_DATA SHOWN:_
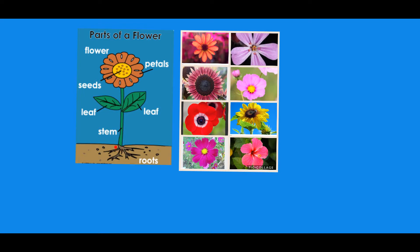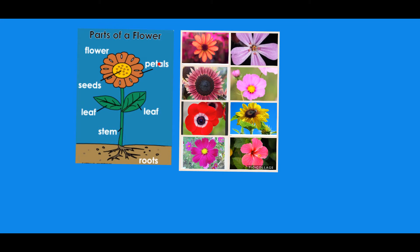What is this called? The leaves. The leaves, right. And what is this called? The whole thing is a flower, but what is this? What are these? Petals. And in here, what is this? Seeds.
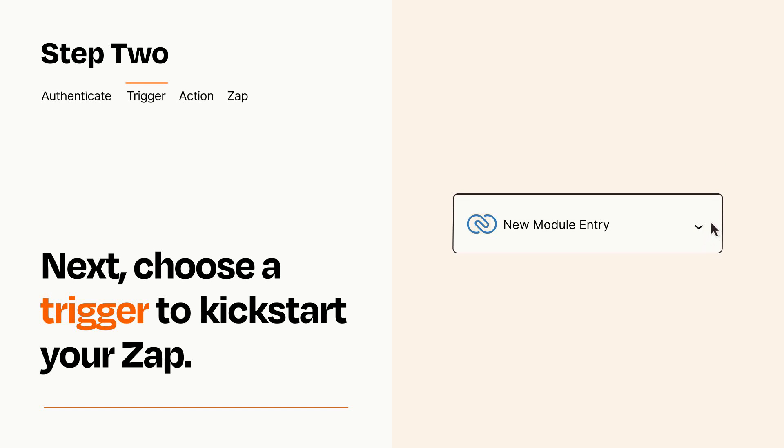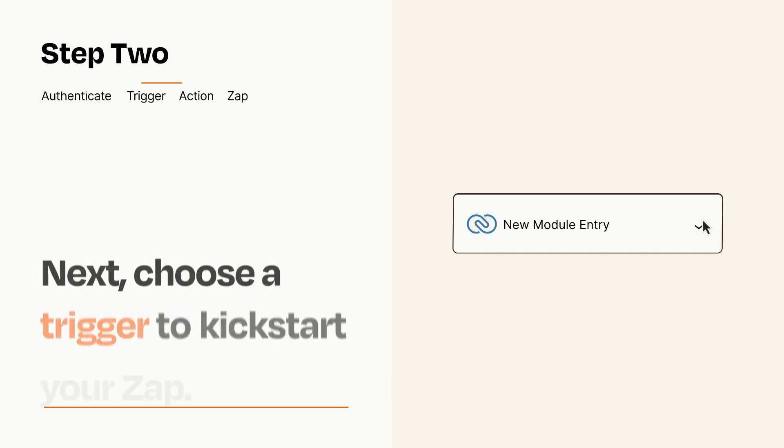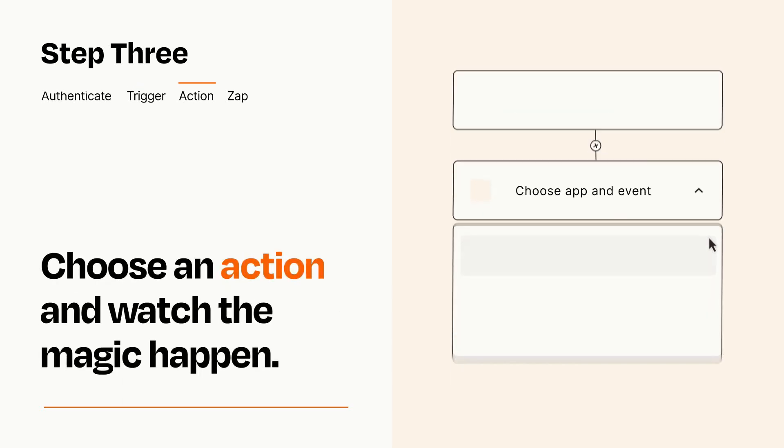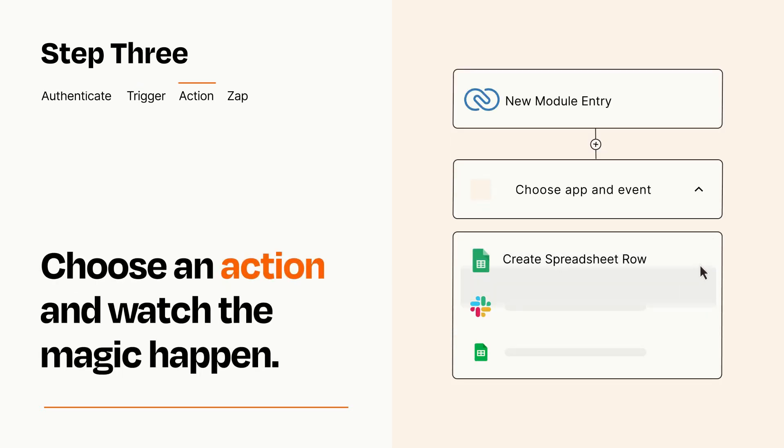This last part is where the magic happens. Choose the action you want to happen in your target app.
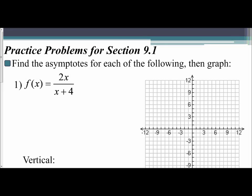Now that we've practiced identifying our vertical, horizontal, and slant asymptotes, we are going to go one step further and graph the rational functions. To graph rational functions, you want to find your asymptotes first — they help create an outline of what the graph is going to look like. Then from there, we're going to find some points to assist us with graphing.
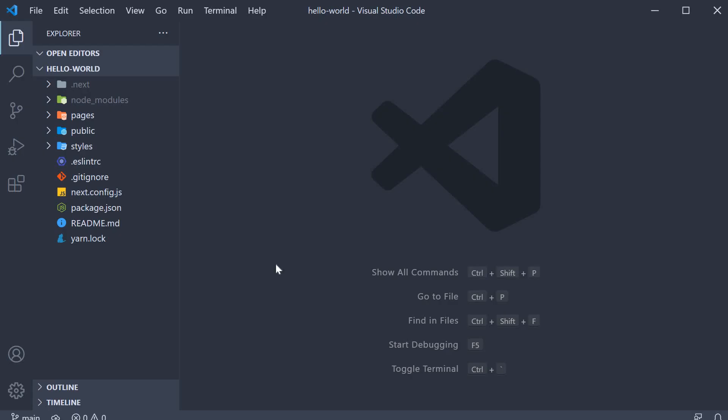In the last video, we saw how simple it is to create and run a basic Next.js application. Now it's also equally important we understand the files and folders present in the generated project and how to control flows when we run the application.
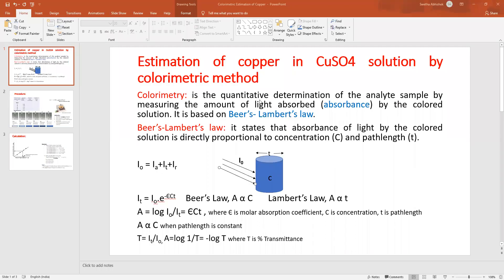Good afternoon, students. In this class I will be explaining about colorimetry. The aim of this experiment is to estimate the amount of copper in copper sulfate solution. The title of the experiment is: estimation of copper in a given copper sulfate solution by colorimetric method, which is simply called colorimetry.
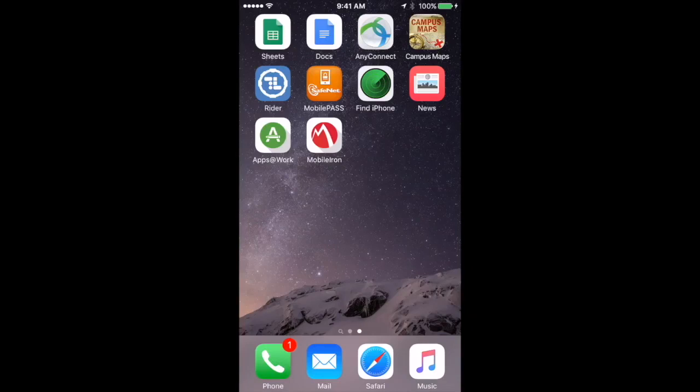This video will show how to access Epic on your iOS device. If you don't have the Apps at Work app visible on your screen,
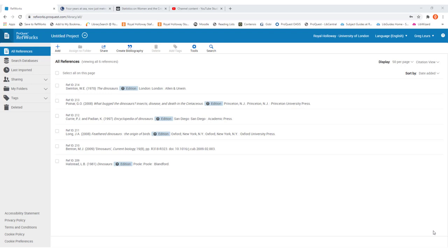The first is how you can create a brand new reference from scratch within RefWorks. And then the second is going to be having a look at how to use the save to RefWorks bookmarking tool.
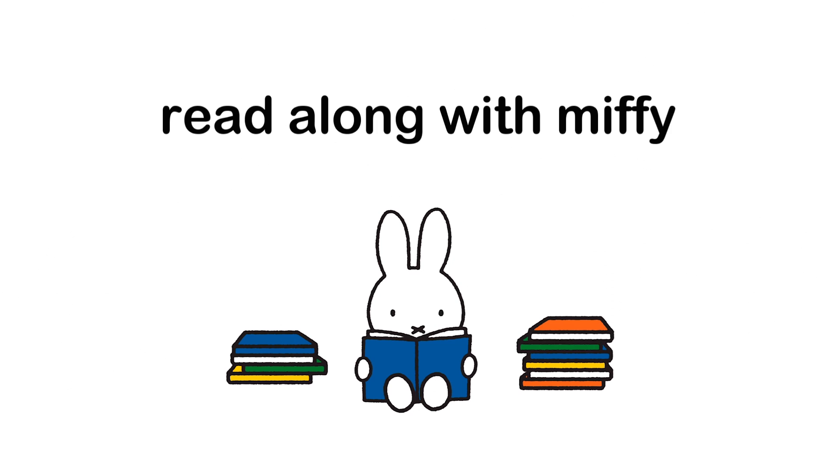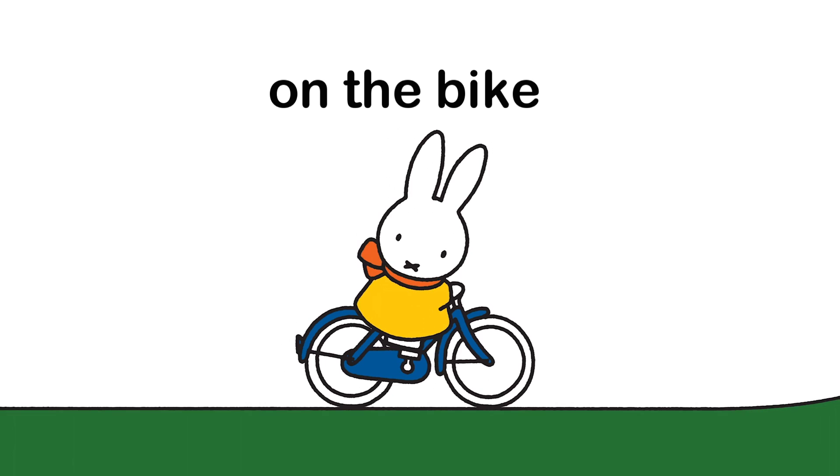Read along with Miffy. On the bike. It's a lovely day. Miffy rides her bike. Wheeee!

_EXERCISE:_
Beginning with the first line of the records and ending with the line that contains "Now that we've", reproduce every line exactly, omitting pictures and adding nothing.

_REPLY:_
What is this called? The leaves. The leaves, right. And what is this called? The whole thing is a flower, but what is this? What are these? Petals. And in here, what is this? Seeds.
This last part is where the magic happens. Choose the action you want to happen in your target app.
Now that we've practiced identifying our vertical, horizontal, and slant asymptotes, we are going to go one step further and graph the rational functions. To graph rational functions, you want to find your asymptotes first — they help create an outline of what the graph is going to look like. Then from there, we're going to find some points to assist us with graphing.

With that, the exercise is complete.